TUNISIE et EGYPTE : DEUX PEUPLES-CLASSE AGRESSES par les nouvelles élites islamistes !

Site NPA

https://npa2009.org/idees/international/les-islamistes-lepreuve-du-pouvoir

En 2012 et 2013, les Frères musulmans égyptiens et leurs cousins tunisiens d’Ennahdha ont pour la première fois exercé le pouvoir. A la mi-2013, leur bilan était catastrophique et de gigantesques manifestations ont exigé leur départ. Dans les deux cas, les forces des anciens régimes, qui avaient conservé l’essentiel de leurs position dans l’appareil d’Etat et l’économie, se sont saisies de l’occasion pour récupérer le pouvoir. En Egypte, une dictature militaire pire que celle de Moubarak est en place depuis l’été 2013. En Tunisie, le gouvernement Ennahdha a fini par démissionner en janvier 2014, en partie pour éviter le type de répression implacable subie par les islamistes égyptiens. Puis il est revenu un an plus tard au gouvernement, pour y jouer les seconds rôles.

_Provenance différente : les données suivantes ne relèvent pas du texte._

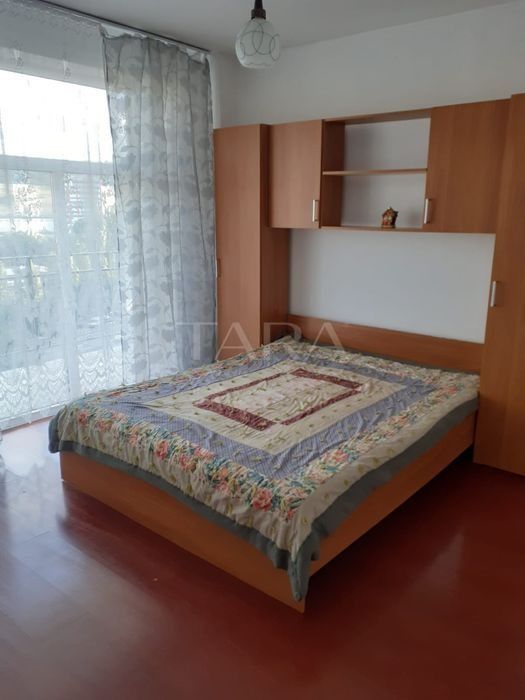 Vând apartament 2 camere – Baciu, zona Petrom - Poză 1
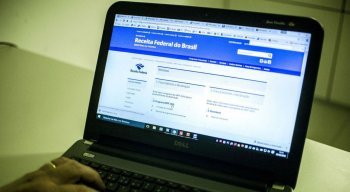 Para saber se teve a declaração liberada, o contribuinte deverá acessar a página da Receita na Internet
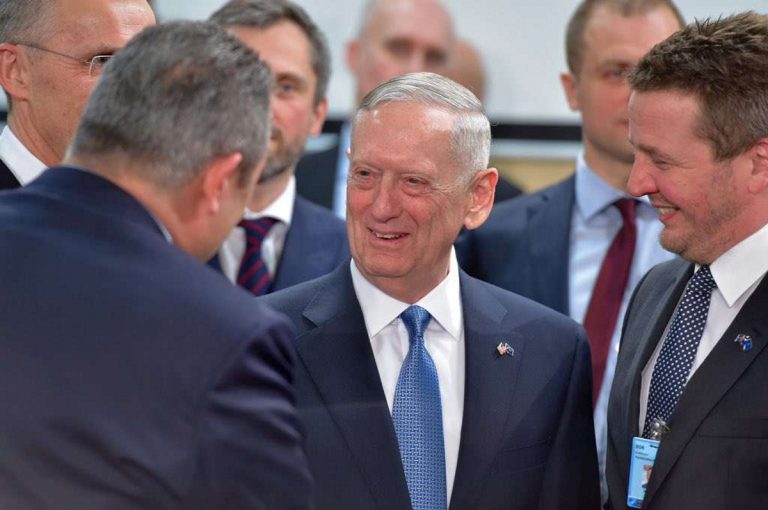 Τζιμ Μάτις: Για “πρακτικούς κι όχι πολιτικούς λόγους” αναβάλλονται οι στρατιωτικές ασκήσεις ΗΠΑ- Νότιας Κορέας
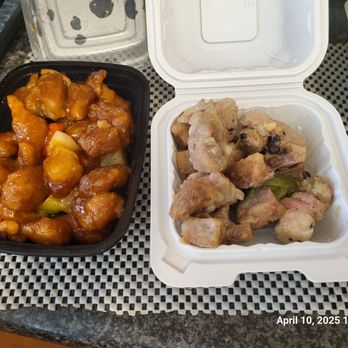Big Ma's Kitchen - Sweet and sour pork entree, black bean steamed pork ribs, both acceptable. - Dim Sum Near Me - Rosemead, California Big Ma's Kitchen - Sweet and sour pork entree, black bean steamed pork ribs, both acceptable. - Dim Sum Near Me - Rosemead, California
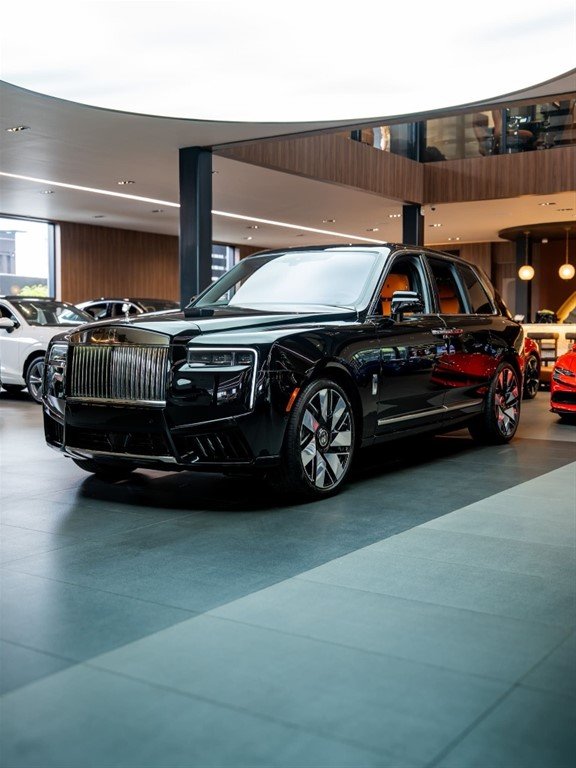 Rolls Royce Cullinan — foto 2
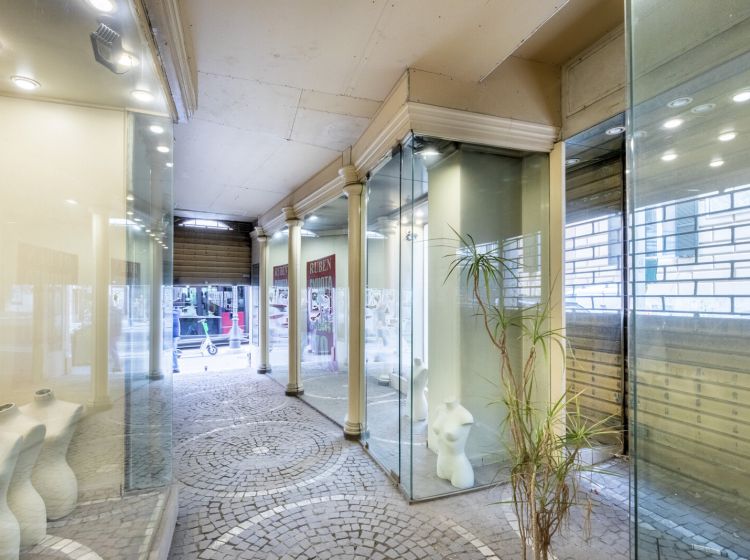 Negozio in affitto, via Nazionale  10, Centro Storico, Roma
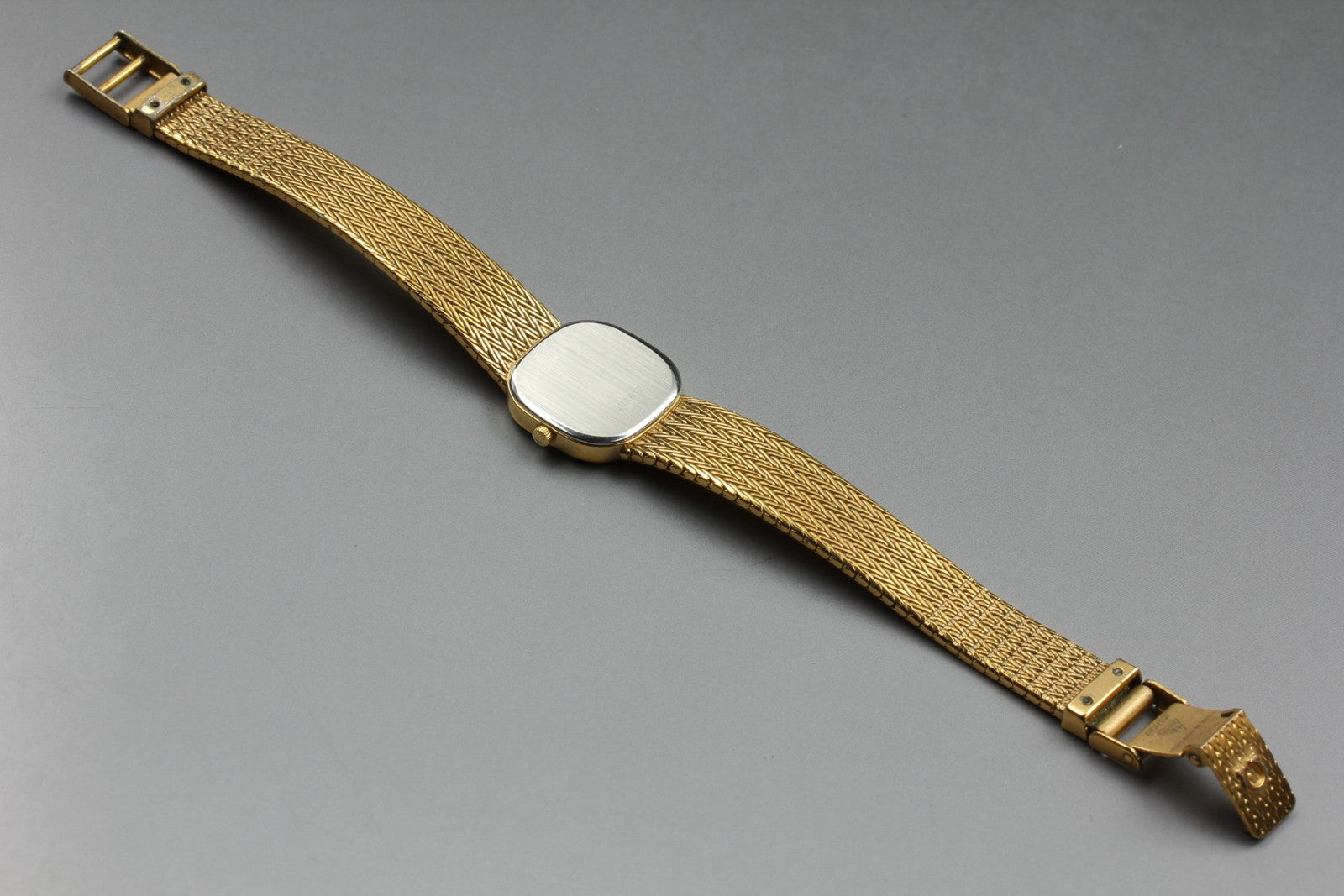 1984 OMEGA De Ville 19mm 591.0269 Quartz Gold Dial Women's Watch Vintage Exc+5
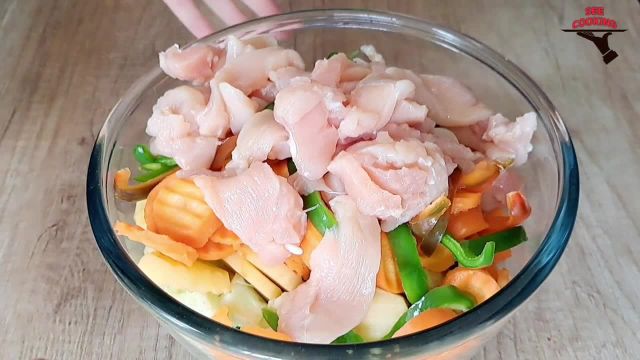 دستور تهیه مرغ با سبزیجات تازه (ساده و فوری)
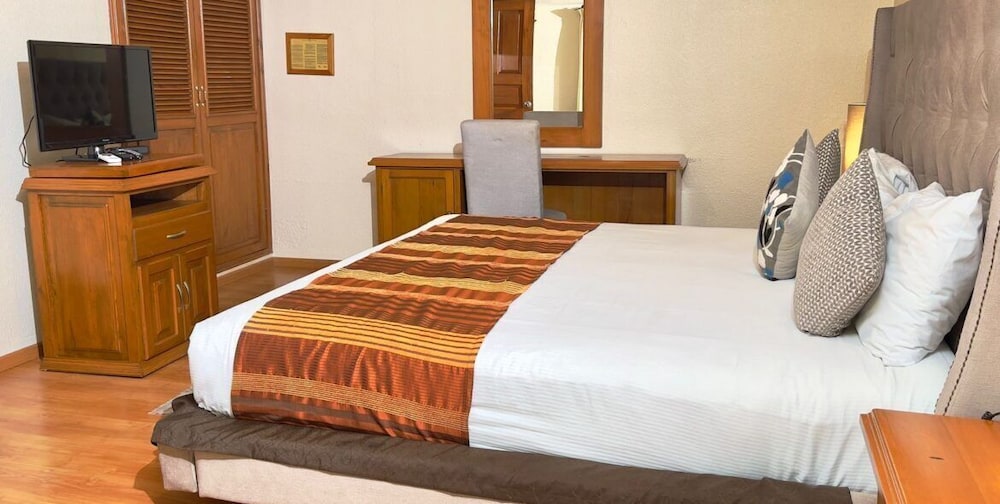 Comfort Room, 1 King Bed photo 1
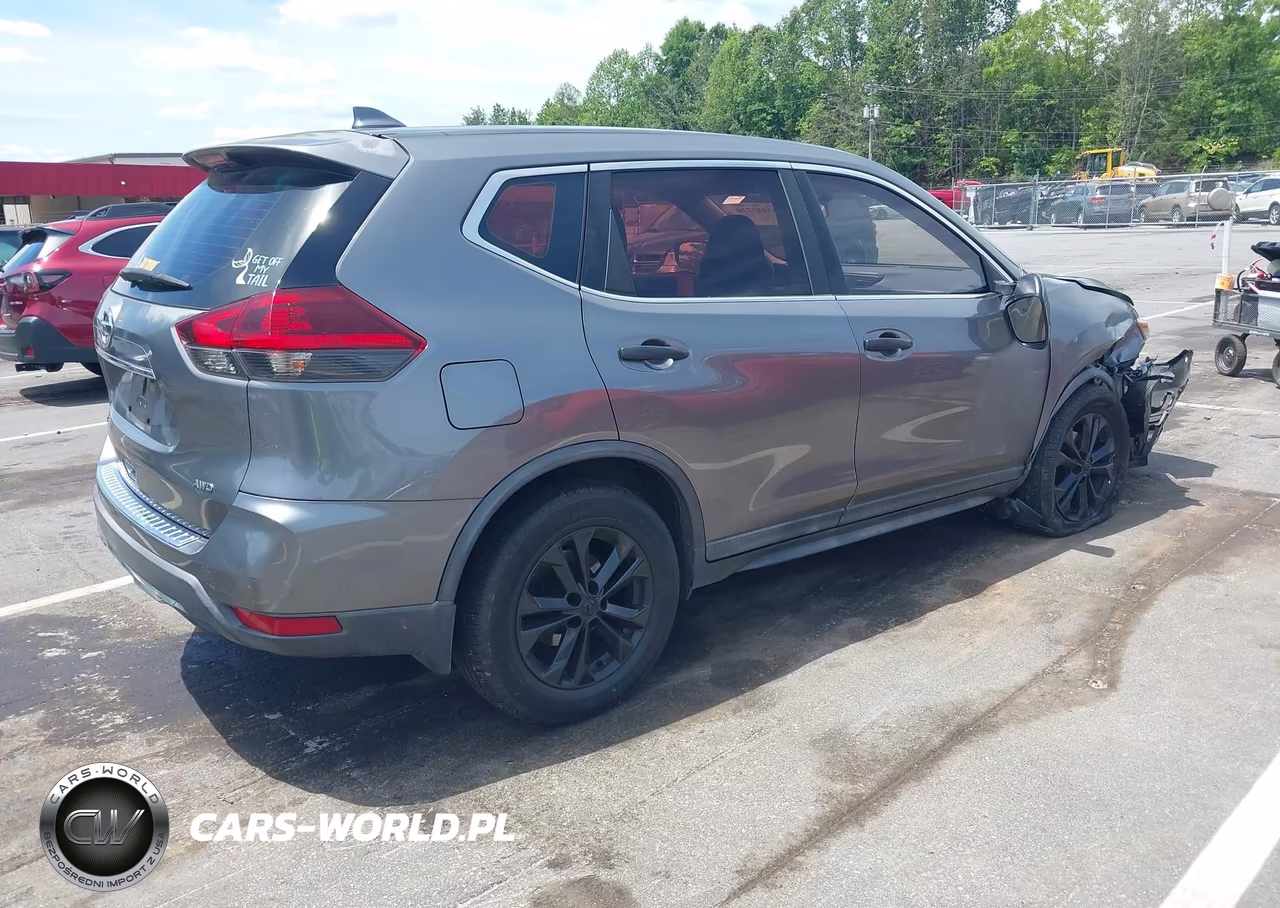 2018 Nissan Rogue S VIN:KNMAT2MV3JP510770 - 4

Tunisie : une mise en retrait pour mieux s’enraciner et revenir

Depuis janvier 2011, Ennahdha (le « Mouvement de la renaissance ») est parvenu par deux fois au pouvoir, en 2012-2013 en position hégémonique, depuis février 2015 dans le cadre de gouvernements de coalition dirigés par des notables de l’ancien régime. Dans les deux cas, sa politique économique et sociale s’est située dans la continuité de celle de l’ancien régime, et donc à l’antipode des objectifs de la révolution.1

A la tête du gouvernement à compter du 24 décembre 2011, les dirigeants d’Ennahdha ont notamment cherché à mettre en œuvre deux de leurs objectifs fondateurs : l’inscription de la chari’a dans la Constitution, la remise en cause de l’égalité juridique partielle dont les femmes bénéficiaient depuis les lendemains de l’indépendance. Ils ont été contraints d’y renoncer face aux mobilisations. En cherchant à se consolider dans la durée, ils ont développé leur mainmise sur l’administration en y recrutant massivement leurs partisans.

Ennahdha a voulu assurer son leadership sur l’ensemble de l’islam politique existant en Tunisie. A la base, une symbiose s’est réalisée entre militants d’Ennahdha et salafistes. Des prédicateurs islamistes du Moyen-Orient parmi les plus réactionnaires parcouraient librement le pays, et certains ont même été invités par l’allié d’Ennahdha, Moncef Marzouki au palais présidentiel. Quant aux jihadistes qui commençaient à constituer des maquis dans l’intérieur du pays, le président d’Ennahdha affirmait qu’il s’agissait de jeunes sportifs aimant la vie au grand air. Tenant en public des propos modérés, il expliquait en privé à des salafistes que l’heure du 6e Califat allait bientôt sonner.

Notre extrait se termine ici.